**How to complete this task**
Below are some records; quote exactly the lines from the one that contains "74 Alevera St, Irvine, CA 92618" through the one that contains "В Москве автомобиль", inclusive, and no others.

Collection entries
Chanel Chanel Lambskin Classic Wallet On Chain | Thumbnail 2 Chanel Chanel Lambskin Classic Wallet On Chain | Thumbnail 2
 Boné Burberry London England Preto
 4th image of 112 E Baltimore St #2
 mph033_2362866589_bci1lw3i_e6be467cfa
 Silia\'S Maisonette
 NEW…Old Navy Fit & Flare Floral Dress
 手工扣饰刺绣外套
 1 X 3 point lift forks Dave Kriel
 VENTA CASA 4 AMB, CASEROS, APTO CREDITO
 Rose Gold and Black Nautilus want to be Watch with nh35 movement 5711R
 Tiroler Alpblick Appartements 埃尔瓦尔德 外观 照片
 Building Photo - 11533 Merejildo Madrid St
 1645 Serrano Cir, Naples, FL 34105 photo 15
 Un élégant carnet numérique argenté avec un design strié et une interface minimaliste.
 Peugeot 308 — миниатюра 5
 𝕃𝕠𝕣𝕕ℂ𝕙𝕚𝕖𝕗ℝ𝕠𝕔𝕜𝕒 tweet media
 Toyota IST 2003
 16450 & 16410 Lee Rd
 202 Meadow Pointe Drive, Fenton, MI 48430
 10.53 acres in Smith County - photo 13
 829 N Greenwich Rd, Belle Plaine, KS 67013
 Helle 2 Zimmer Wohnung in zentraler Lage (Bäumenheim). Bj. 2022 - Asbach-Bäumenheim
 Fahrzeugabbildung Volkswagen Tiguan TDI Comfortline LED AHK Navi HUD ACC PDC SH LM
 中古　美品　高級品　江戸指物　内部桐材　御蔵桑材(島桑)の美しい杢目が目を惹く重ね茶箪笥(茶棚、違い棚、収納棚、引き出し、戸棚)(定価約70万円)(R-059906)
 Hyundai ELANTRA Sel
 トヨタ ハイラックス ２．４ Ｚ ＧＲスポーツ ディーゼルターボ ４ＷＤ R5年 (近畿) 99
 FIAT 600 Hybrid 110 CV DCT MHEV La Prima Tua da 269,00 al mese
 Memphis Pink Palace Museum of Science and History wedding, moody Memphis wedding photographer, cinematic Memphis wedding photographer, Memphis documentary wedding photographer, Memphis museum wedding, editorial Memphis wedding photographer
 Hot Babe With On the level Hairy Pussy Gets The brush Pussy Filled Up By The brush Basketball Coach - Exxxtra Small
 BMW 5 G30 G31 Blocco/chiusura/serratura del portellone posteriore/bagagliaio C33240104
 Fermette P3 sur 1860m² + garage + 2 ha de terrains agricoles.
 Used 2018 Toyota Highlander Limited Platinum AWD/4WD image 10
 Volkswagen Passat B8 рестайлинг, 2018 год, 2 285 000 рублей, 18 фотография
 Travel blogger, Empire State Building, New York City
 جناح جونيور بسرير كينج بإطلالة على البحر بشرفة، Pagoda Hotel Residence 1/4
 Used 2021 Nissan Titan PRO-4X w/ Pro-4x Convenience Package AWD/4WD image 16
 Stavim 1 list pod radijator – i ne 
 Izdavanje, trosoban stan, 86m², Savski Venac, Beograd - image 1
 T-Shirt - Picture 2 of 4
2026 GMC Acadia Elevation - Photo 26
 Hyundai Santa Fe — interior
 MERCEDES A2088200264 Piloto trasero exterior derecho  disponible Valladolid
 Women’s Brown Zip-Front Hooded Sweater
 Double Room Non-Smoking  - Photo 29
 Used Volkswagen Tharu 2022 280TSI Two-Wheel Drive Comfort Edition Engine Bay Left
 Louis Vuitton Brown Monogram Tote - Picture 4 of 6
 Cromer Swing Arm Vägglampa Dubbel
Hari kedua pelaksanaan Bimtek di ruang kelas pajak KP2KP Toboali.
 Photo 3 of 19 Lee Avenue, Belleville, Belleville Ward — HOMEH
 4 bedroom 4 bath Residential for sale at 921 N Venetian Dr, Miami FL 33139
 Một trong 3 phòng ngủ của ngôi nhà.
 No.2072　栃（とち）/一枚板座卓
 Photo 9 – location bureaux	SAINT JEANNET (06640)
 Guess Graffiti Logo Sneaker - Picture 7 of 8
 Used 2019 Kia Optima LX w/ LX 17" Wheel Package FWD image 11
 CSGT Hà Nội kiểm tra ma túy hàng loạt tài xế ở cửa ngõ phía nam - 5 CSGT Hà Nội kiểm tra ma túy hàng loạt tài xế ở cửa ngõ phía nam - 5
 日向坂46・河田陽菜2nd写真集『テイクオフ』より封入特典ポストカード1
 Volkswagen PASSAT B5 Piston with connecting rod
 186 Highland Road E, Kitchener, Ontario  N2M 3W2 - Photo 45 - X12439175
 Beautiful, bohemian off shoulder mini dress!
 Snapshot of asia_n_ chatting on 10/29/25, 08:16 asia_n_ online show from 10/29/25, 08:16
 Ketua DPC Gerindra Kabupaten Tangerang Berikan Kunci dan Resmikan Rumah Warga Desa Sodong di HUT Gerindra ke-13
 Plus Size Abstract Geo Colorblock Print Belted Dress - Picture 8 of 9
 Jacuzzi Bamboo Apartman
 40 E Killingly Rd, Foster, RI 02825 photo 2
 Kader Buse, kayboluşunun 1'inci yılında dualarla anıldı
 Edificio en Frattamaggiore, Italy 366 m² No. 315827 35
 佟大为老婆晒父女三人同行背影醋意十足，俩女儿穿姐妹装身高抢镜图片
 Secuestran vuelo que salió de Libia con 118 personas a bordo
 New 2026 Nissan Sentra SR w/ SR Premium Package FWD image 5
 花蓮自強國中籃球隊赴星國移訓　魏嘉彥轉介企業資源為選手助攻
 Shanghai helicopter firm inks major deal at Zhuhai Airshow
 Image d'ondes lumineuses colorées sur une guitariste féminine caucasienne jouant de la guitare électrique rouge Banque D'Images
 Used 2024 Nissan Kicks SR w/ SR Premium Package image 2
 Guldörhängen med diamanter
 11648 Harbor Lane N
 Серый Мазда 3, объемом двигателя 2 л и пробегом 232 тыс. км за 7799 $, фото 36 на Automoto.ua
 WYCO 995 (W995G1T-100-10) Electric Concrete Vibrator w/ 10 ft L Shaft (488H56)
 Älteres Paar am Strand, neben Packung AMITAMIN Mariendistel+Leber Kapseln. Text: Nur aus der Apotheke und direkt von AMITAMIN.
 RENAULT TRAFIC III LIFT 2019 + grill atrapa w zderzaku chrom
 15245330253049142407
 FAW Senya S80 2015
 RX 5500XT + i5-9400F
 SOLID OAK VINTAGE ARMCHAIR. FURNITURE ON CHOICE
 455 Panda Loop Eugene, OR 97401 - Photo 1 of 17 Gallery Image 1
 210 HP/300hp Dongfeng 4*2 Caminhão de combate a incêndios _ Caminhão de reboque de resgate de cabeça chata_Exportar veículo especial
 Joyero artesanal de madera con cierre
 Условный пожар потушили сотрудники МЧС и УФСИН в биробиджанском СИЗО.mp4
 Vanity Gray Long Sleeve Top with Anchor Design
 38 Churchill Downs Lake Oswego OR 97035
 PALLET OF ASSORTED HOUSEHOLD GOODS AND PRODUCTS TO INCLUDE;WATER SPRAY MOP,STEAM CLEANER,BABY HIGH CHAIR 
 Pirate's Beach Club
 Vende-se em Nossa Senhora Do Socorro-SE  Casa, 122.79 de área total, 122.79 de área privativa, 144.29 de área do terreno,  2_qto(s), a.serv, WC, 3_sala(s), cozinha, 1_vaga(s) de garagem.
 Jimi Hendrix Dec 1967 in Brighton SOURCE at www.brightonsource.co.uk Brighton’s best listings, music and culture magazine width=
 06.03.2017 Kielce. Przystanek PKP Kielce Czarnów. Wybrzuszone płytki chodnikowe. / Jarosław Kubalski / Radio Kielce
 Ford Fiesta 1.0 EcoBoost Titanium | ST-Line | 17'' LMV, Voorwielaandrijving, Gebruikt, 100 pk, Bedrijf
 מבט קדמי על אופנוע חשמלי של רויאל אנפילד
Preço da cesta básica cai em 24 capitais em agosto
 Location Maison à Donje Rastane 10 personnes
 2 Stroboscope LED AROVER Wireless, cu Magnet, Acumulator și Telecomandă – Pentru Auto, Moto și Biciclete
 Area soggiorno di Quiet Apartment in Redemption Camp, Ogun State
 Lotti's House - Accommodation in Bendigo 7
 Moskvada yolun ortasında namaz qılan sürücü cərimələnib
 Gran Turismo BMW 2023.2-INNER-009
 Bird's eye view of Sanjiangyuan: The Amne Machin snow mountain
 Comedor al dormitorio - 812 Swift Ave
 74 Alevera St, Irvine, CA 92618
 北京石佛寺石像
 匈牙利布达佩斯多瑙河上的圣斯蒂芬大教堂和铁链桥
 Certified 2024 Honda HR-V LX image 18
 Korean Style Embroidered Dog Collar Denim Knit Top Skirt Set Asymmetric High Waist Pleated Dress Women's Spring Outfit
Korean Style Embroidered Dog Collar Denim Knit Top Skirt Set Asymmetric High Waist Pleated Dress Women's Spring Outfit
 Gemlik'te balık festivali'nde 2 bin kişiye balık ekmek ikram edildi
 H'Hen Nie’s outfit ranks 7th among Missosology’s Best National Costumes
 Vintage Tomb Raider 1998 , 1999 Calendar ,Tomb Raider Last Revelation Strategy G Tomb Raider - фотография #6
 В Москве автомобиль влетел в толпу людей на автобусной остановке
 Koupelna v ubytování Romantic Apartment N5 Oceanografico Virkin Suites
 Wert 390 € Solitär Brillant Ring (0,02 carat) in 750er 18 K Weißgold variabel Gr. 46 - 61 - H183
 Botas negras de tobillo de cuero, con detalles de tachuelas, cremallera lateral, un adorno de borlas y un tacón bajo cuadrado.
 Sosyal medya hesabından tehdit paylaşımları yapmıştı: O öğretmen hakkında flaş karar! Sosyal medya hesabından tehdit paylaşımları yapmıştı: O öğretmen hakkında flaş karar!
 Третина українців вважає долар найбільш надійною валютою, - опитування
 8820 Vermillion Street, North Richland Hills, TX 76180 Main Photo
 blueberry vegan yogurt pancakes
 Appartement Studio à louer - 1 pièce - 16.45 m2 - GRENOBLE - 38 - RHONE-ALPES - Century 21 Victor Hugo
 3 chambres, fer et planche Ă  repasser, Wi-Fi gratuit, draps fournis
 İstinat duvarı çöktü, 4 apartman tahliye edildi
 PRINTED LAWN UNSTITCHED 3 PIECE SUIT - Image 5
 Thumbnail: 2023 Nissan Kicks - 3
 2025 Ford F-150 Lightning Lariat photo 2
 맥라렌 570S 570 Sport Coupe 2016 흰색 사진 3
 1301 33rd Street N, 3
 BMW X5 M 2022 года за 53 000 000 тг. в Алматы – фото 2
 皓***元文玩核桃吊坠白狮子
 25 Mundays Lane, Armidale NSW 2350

**Finished exercise**
 74 Alevera St, Irvine, CA 92618
 北京石佛寺石像
 匈牙利布达佩斯多瑙河上的圣斯蒂芬大教堂和铁链桥
 Certified 2024 Honda HR-V LX image 18
 Korean Style Embroidered Dog Collar Denim Knit Top Skirt Set Asymmetric High Waist Pleated Dress Women's Spring Outfit
Korean Style Embroidered Dog Collar Denim Knit Top Skirt Set Asymmetric High Waist Pleated Dress Women's Spring Outfit
 Gemlik'te balık festivali'nde 2 bin kişiye balık ekmek ikram edildi
 H'Hen Nie’s outfit ranks 7th among Missosology’s Best National Costumes
 Vintage Tomb Raider 1998 , 1999 Calendar ,Tomb Raider Last Revelation Strategy G Tomb Raider - фотография #6
 В Москве автомобиль влетел в толпу людей на автобусной остановке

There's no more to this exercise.